We bounced across the brewery’s deeply rutted driveway just in time for the baby to wake up, and I hauled the whole complaining lot of them out into the damp and chilly Hill Country air. Schlepping a baby stroller up a steep hill isn’t the easiest thing to do, made no easier when that hill is inset with uneven slabs of stone meant to serve as steps that seem particularly ill suited as a means of egress, either for the potentially intoxicated or the beer and baby laden. After a few moments of confusion (we went into the taproom first, not realizing that the to-go sales were handled out of a tent tucked discreetly to the side), we were packing up a box with “whatever I should be getting today.” A bit of cursory research had told me that both Estival Dichotomus (JK’s summer saison brewed with chamomile and spelt and refermented with strawberries, part of a seasonally rotating saison series) and a collaboration with fellow Hill Country brewers Live Oak would be available.

Most (all?) of JK’s brewery-only releases are sold with strict per-person limits (thus the muling), and I got my limit of both of the above, plus a couple bottles from 5 Stones Artisan Brewery in Cibollo, chasing a 10 bottle discount. In truth, I got two limits (why I “asked” my wife to actually get out of the car with three kids in tow).

This presented a slight problem in getting everyone back down the hill safely, coordinating three kids, one stroller, and one large and fairly heavy box of beer. Through a heavily coordinated series of instructions, a very slow pace and an improvised block-and-tackle system, we made it down without any broken bottles or bones, though you would have thought I’d popped the kids in a WABAC machine and forced them to build a pyramid for all the grousing about slave labor.

Back home, I decided to open the Jester King/Live Oak collaboration, called Kollaborationsbiermittschechischemhopfenundwilderbakterienhefekombination. That’s the last time I’m going to type that out, as its focus on hops means it likely won’t do well with age.

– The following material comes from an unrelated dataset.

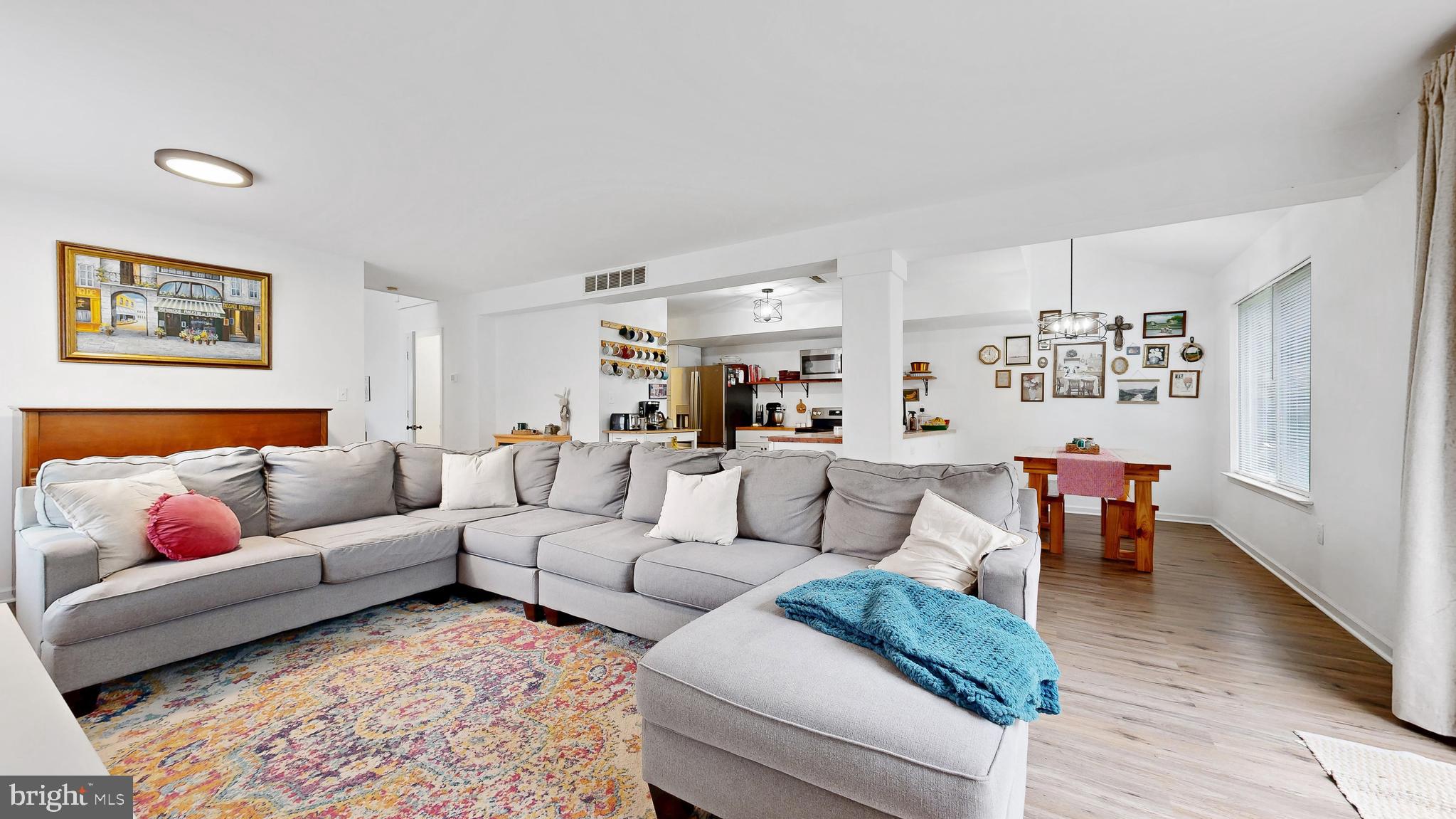 433 East Wind Drive Dover, DE 19901 - Photo 8 of 61 a living room with furniture and a couch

A quick aside, here. Given the legends regarding India Pale Ale and the preservative effects of hops ensuring fresh beer in the far-flung arms of the British colonial empire, it’s always been interesting to me that hop-heads insist that highly hopped beers must be consumed within milliseconds of bottling, lest they be rendered virtually undrinkable. I get that, even if hops provide some preservative utility, their flavors and aromas are highly volatile. We are talking about a flower, after all. Still, it seems an interesting dichotomy that on one hand, we have the legend of hoppy beers as bomb-proof juggernauts of durability, and also dainty little things that wilt at the slightest provocation from Father Time.

I guess this is the part where I’m supposed to talk about the beer? Fair enough.

Jester King/Live Oak Kollaborationsbier… pours a hazy, golden straw. Ample carbonation disrupts the fuzziness, like staring at a TV tuned between stations, back when those things had knobs and required advanced degrees to operate. A gentle pour creates a creamy, just off-white head that starts out an ample three fingers, and recedes to a generous cap.

The nose leads with some soapy overtones that blow off fairly quickly, concealing slightly musty lemons and biscuit malt. Not much hops coming through.

Toast, hay and crackly lemon with just a hint of tang lead on the palate. There is just the vaguest hint of barnyard funk, lingering in the background like when you wore your favorite sweater to the petting zoo, the one you refuse to wash because you’re terrified it’s going to shrink and you’ll have to give it to the baby. It’s blisteringly dry. I mean, it’s remarkable to think this stuff was even fermented from sugar in the first place. The hops show up at the tail end, closing things out with a cleanly bitter finish.

The prickly carbonation keeps that dryness lingering on the lips. Some mild esters hint ever so vaguely at clove/bubblegum notes, like phantasms of sound hidden in the white noise machine that have you humming their ghostly pseudo-melodies instead of going to sleep. There are plenty of bready notes, echoing the malt aromas, running through fresh baguette, toasted breadcrumbs, crackers and stale biscuits. A slight hop spiciness balances against the overall light, clean impression, with rounded bready malt and cleansing bitterness dominating the finish.

This is right in line with what I’ve had from Jester King in the past and a good showcase for the farmhouse style they’ve so fully embraced in the last few years. It’s not earth-shaking stuff, missing the gasp-inducing flavors I’ve heard described in, say, their fruited barrel-aged sours like Atrial Rubicite or Aurelian Lure. Still, it’s a very enjoyable beer on the surface, with a fair amount going on underneath.

At 4.2% ABV, this one also makes a fine table beer, a concept I’m glad Jester King continues to champion. I’d take a bottle on a picnic, to enjoy with a bit of cheese and some nice charcuterie. Maybe I’ll take the kids with me, as a gesture of thanks for the part they played in bringing this one home.